Freddie Mac today released the results of its Primary Mortgage Market Survey(R) (PMMS®), showing average fixed mortgage rates little changed from the previous week amid reports of the U.S. housing market strengthening.
- 30-year fixed-rate mortgage (FRM) averaged 4.02 percent with an average 0.7 point for the week ending June 25, 2015, up from last week when it averaged 4.00 percent. A year ago at this time, the 30-year FRM averaged 4.14 percent.
- 15-year FRM this week averaged 3.21 percent with an average 0.6 point, down from last week when it averaged 3.23 percent. A year ago at this time, the 15-year FRM averaged 3.22 percent.
- 5-year Treasury-indexed hybrid adjustable-rate mortgage (ARM) averaged 2.98 percent this week with an average 0.4 point, down from last week when it averaged 3.00 percent. A year ago, the 5-year ARM averaged 2.98 percent.

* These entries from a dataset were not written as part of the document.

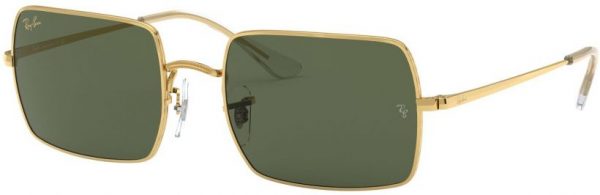 Zonnebril Ray-Ban® Rectangle voor Heren, Dames in de kleur Goud met Green gekleurde glazen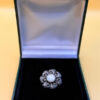 Vintage Sterling Silver Cats Eye & Marcasite Brooch#142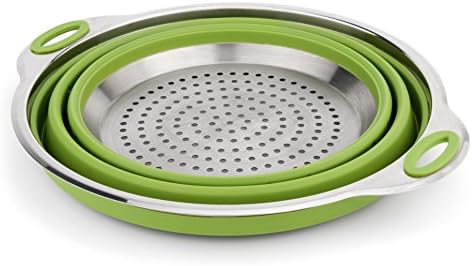 Large Collapsible Silicone Colander/Strainer with Stainless Steel Base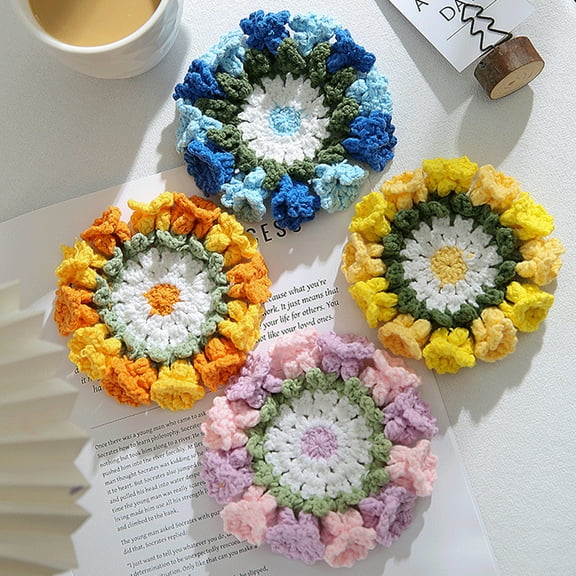 tasrioml Flower Weave Coaster Anti Slip Cup Holders Placemats Decorative Crochet Lily of The Valley Drink Mat Reusable Table Mat Cuisine Accessoires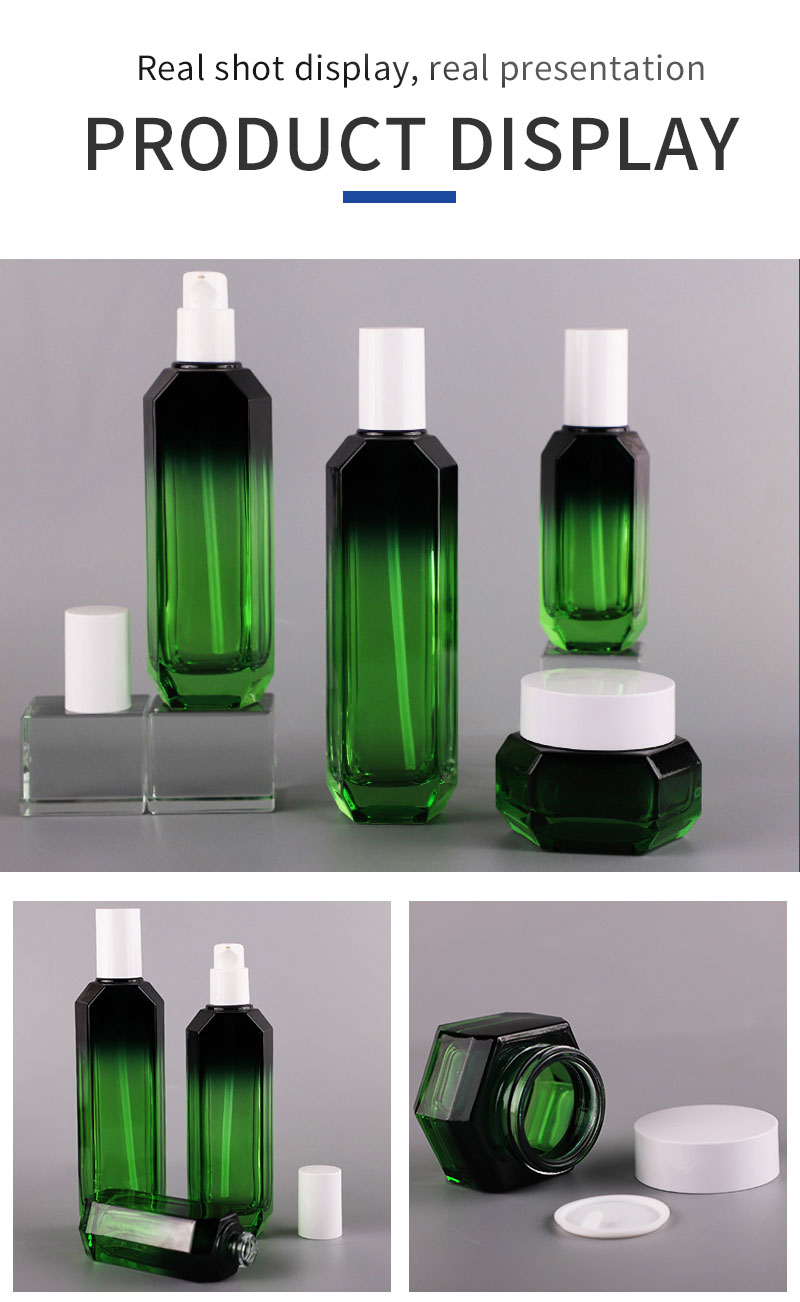 botella de loción verde
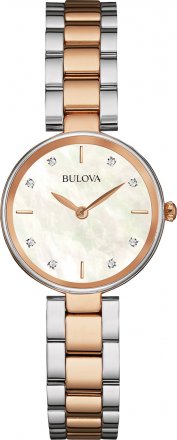 BULOVA Diamonds Mop Two Tone Stainless Steel Bracelet 98S147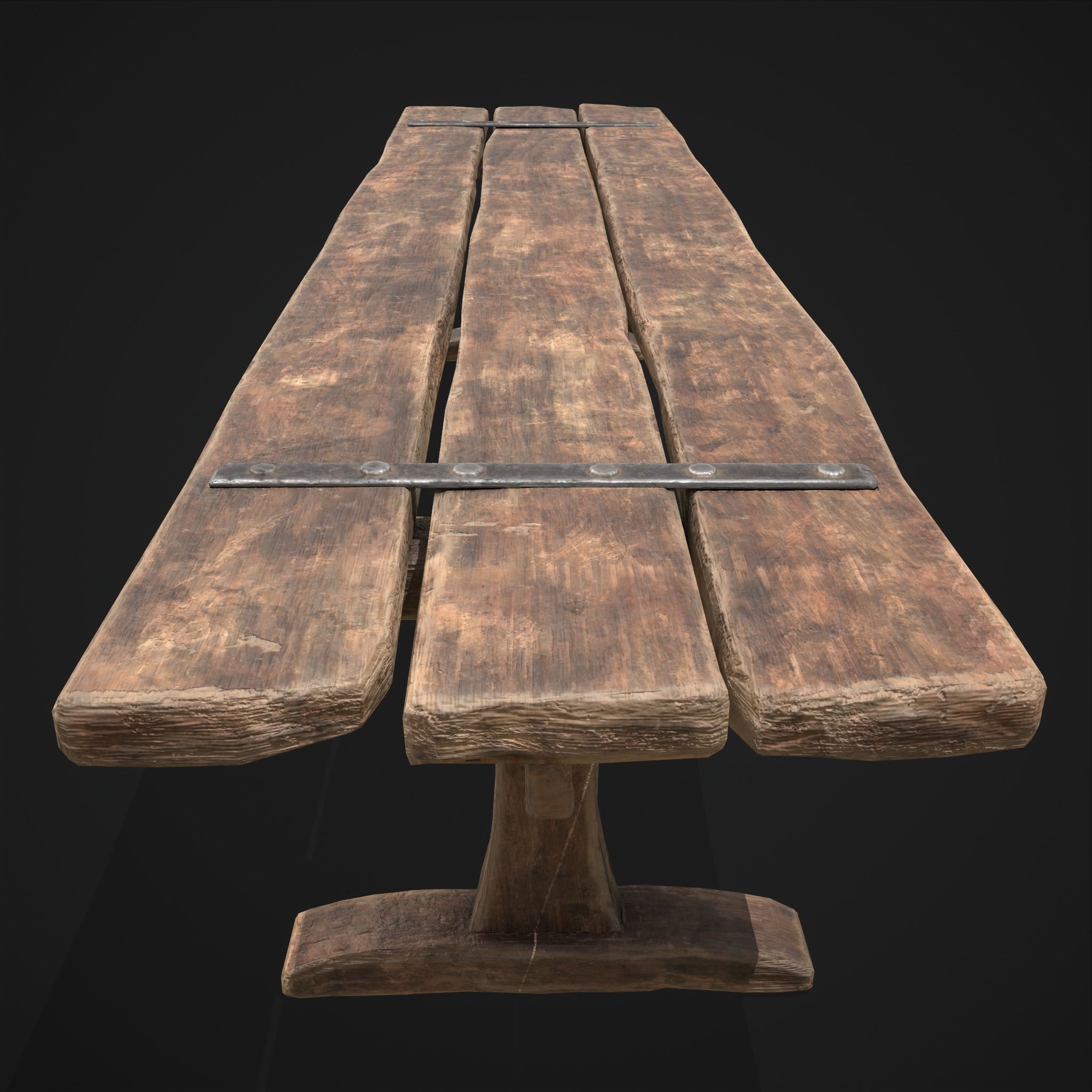 Long Picnic Style Table  Low-poly 3D model_5
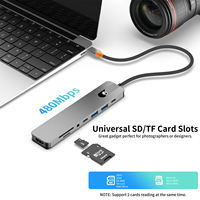 Docking Station Pembaca Kartu SD TF USB 3.0 PD 100W HDTV 4k 60hz USB HUB Dock dengan Monitor Sakelar Satu Tombol Fungsi Tidur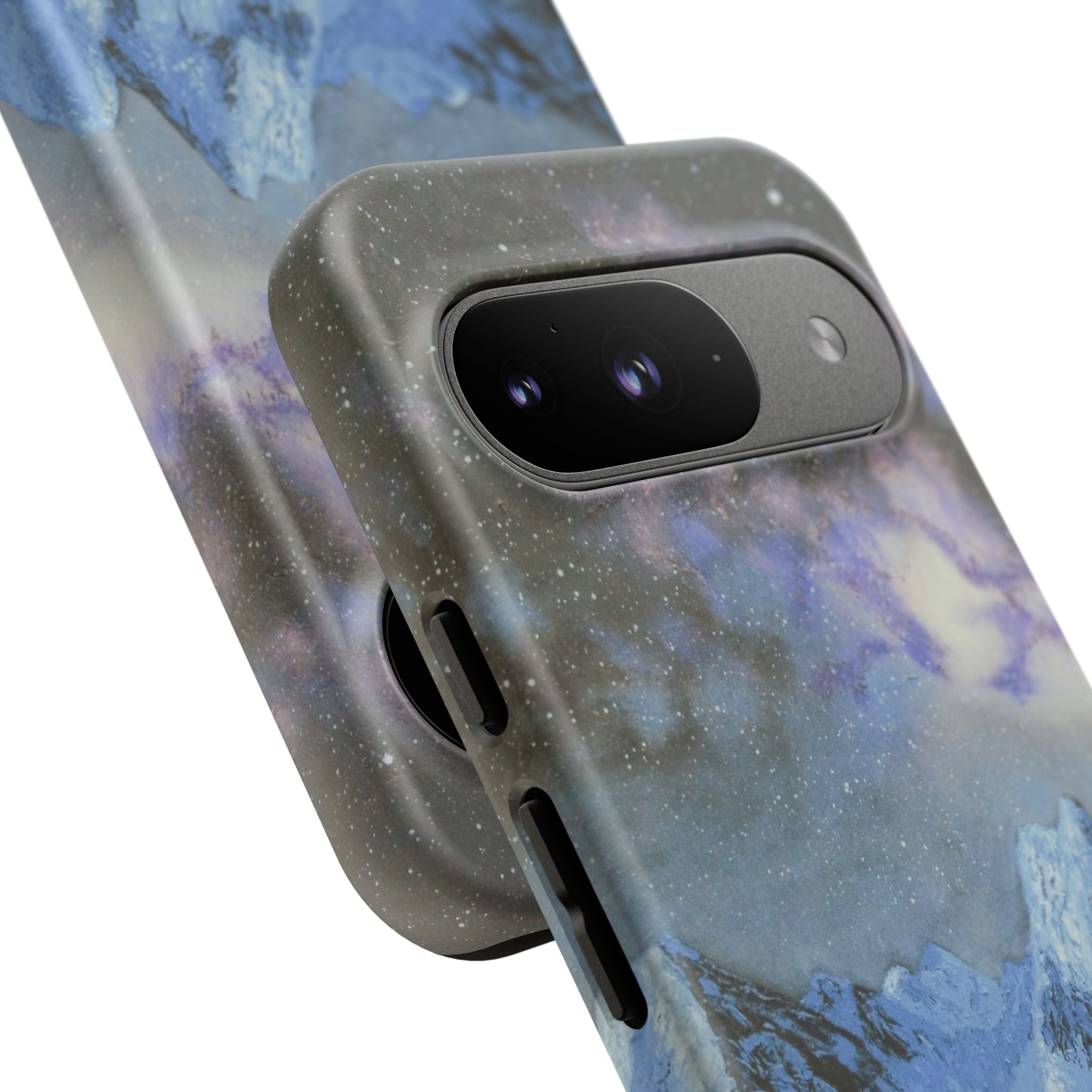 Mountain Night Sky Phone Case — Tough Protective iPhone Cover with Aurora & Snowy Peaks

- 1-year Treasury-indexed ARM averaged 2.50 percent this week with an average 0.3 point, down from last week when it averaged 2.53 percent. At this time last year, the 1-year ARM averaged 2.40 percent.
Average commitment rates should be reported along with average fees and points to reflect the total upfront cost of obtaining the mortgage. Visit the following links for theRegional and National Mortgage Rate Details and Definitions. Borrowers may still pay closing costs which are not included in the survey.
Attributed to Sean Becketti, chief economist, Freddie Mac.
“Mortgage rates were little changed this week. The rate on 30-year fixed-rate mortgages was 4.02 percent, an increase of just 2 basis points from the previous week. Economic releases confirmed increasing strength in housing. Existing home sales increased 5.1 percent in May to an annual pace of 5.35 million units and new home sales increased 2.2 percent to an annual pace of 546,000 units. Buyers appear anxious to purchase homes before the expected increase in interest rates later this year. Given the tight inventory of homes for sale, a 5.1-month supply at the current sales pace, home prices are being bid up.”